Exactly as written, please set down all of the entries again, with no pictures.

-- STUDY MATERIAL follows --

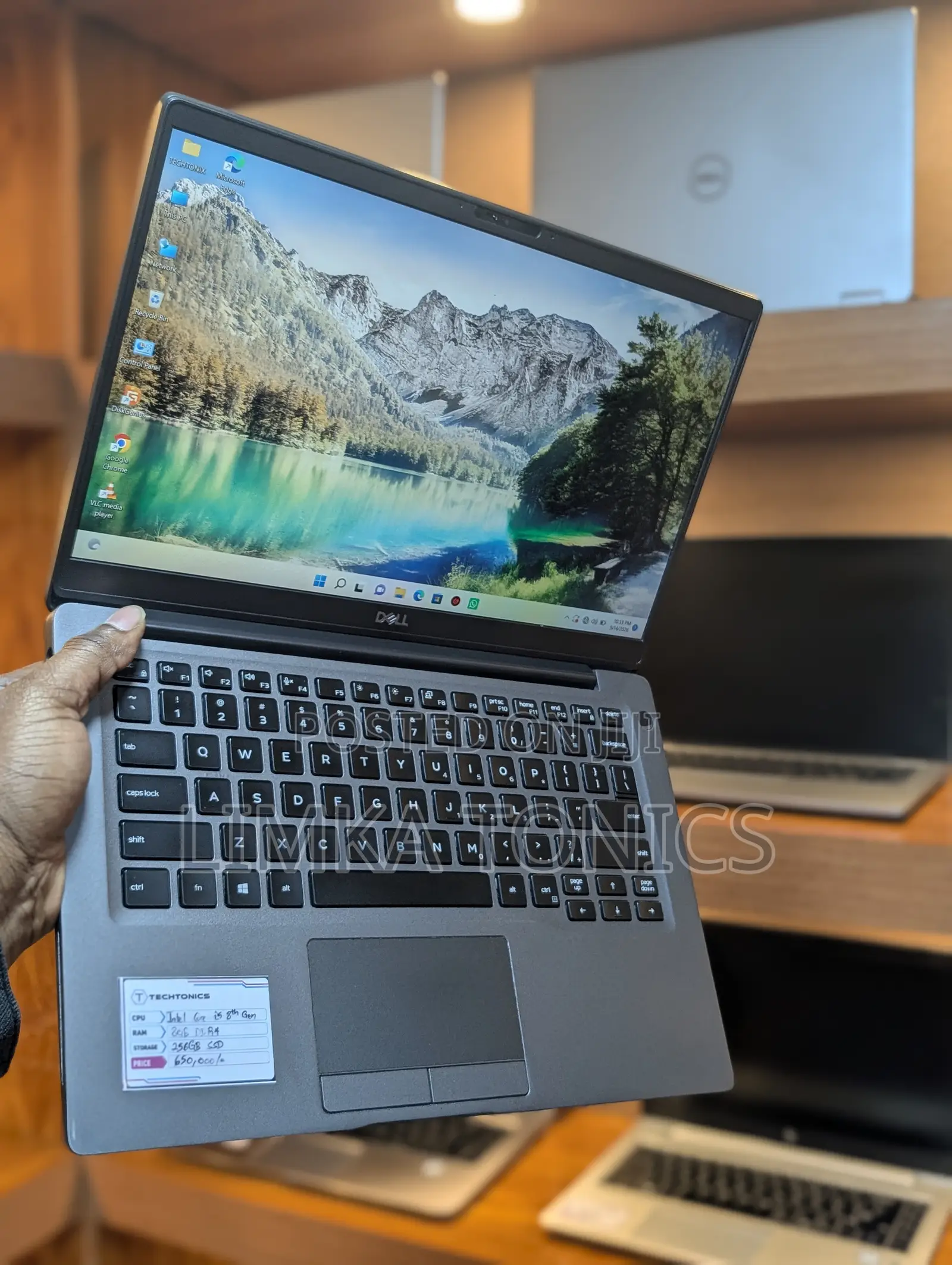 New Laptop Dell Latitude 7400 8GB Intel Core i5 SSD 256GB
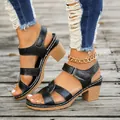 Sandalias negras de tacón alto con tiras cruzadas y cierre de velcro para el verano - Negro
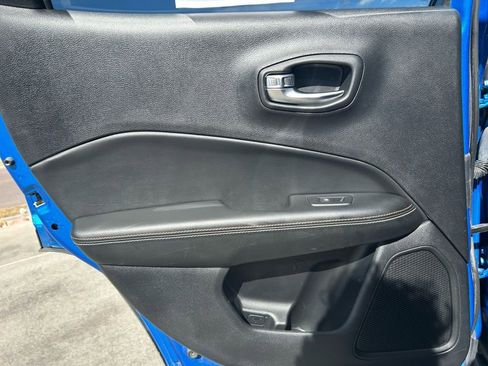 Used 2019 Jeep Compass Latitude w/ Popular Equipment Group image 28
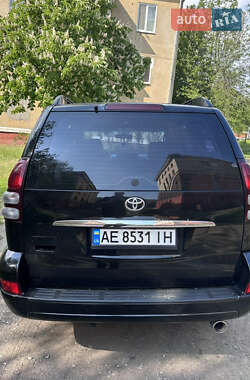 Позашляховик / Кросовер Toyota Land Cruiser Prado 2007 в 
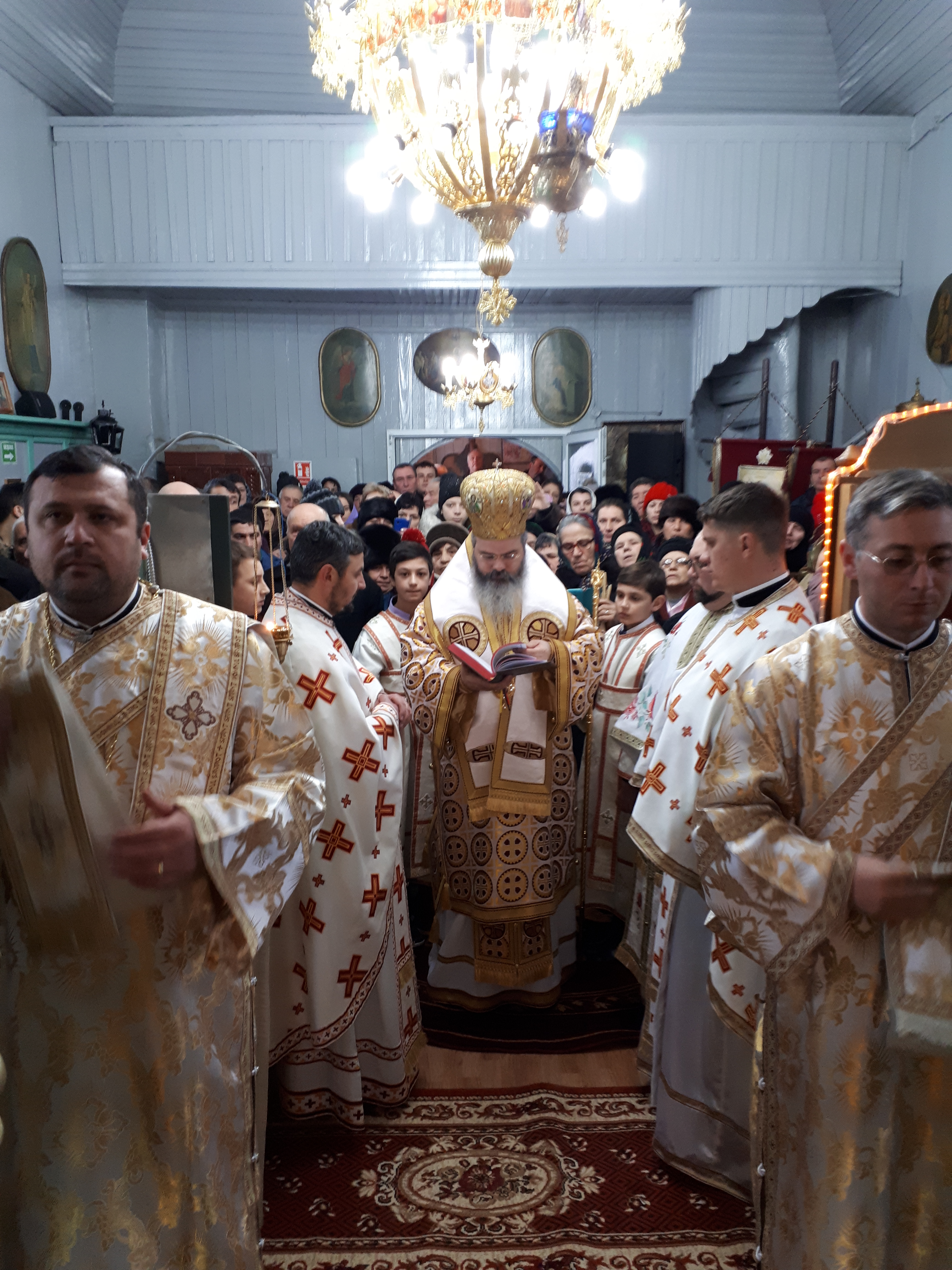 Liturghii arhiereşti în Moldova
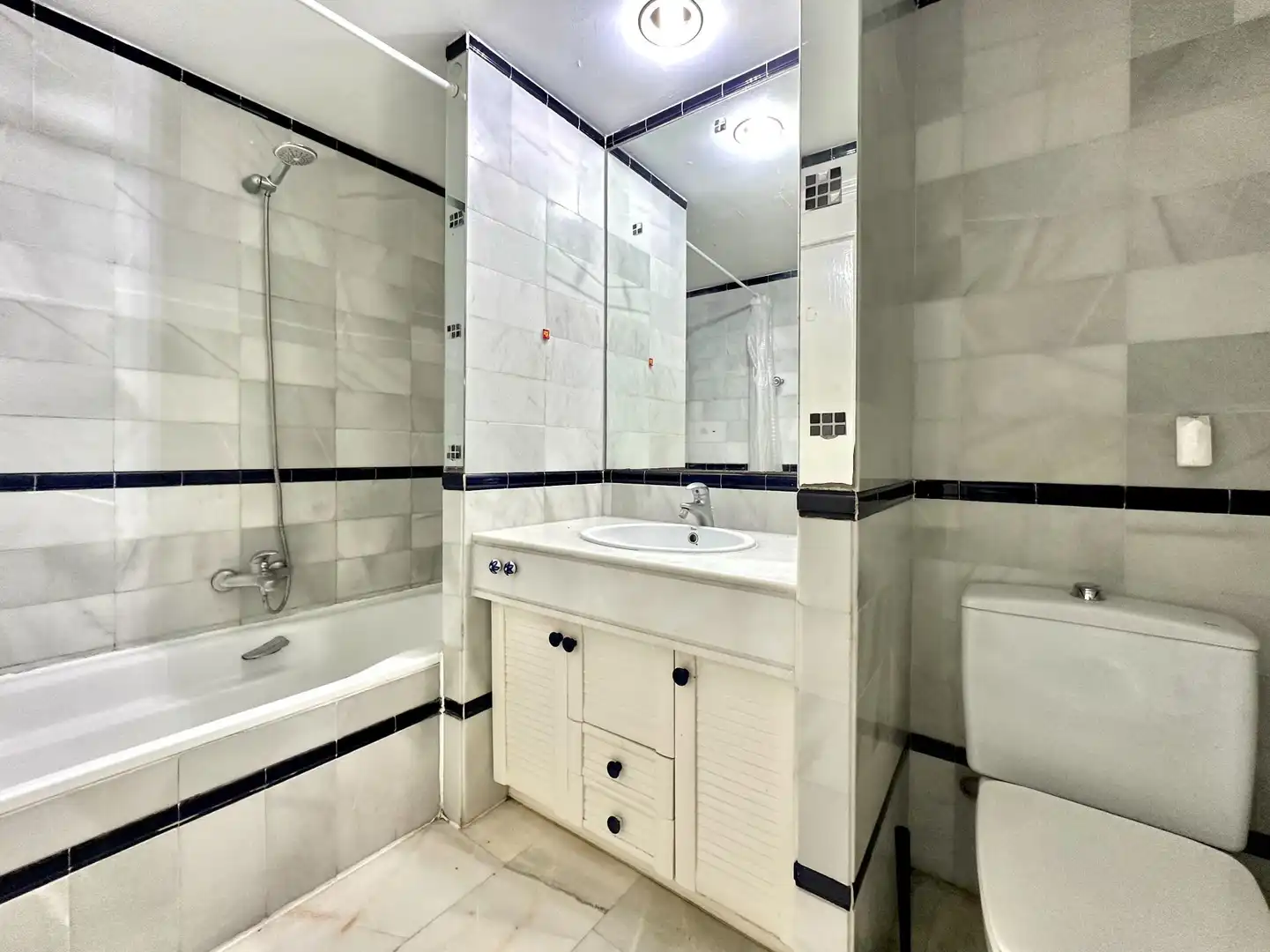 Badezimmer von Wohnungen zum Verkauf in Almuñécar mit Terrasse und Möbliert
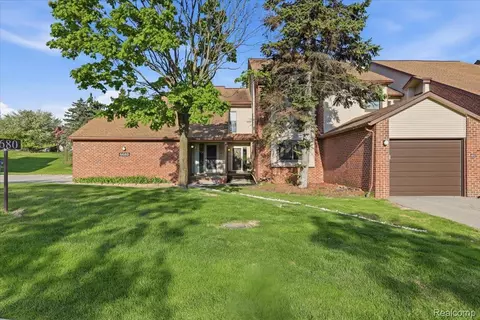 6680 Ridgefield Cir #101, West Bloomfield, MI 48322
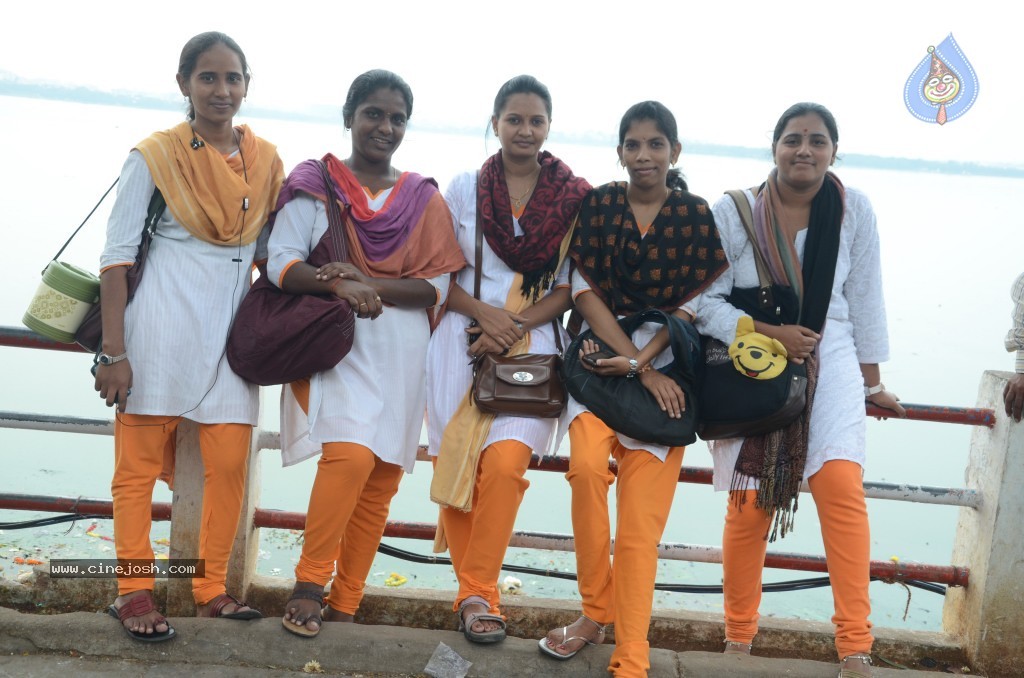 Ganesh Visarjan Photos at Hyd - 02 - 89 / 167 photos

-- STUDY MATERIAL concluded --

> **ANSWER TO THE EXERCISE**
 New Laptop Dell Latitude 7400 8GB Intel Core i5 SSD 256GB
 Sandalias negras de tacón alto con tiras cruzadas y cierre de velcro para el verano - Negro
 Used 2019 Jeep Compass Latitude w/ Popular Equipment Group image 28
 Позашляховик / Кросовер Toyota Land Cruiser Prado 2007 в 
 Liturghii arhiereşti în Moldova
 Badezimmer von Wohnungen zum Verkauf in Almuñécar mit Terrasse und Möbliert
 6680 Ridgefield Cir #101, West Bloomfield, MI 48322
 Ganesh Visarjan Photos at Hyd - 02 - 89 / 167 photos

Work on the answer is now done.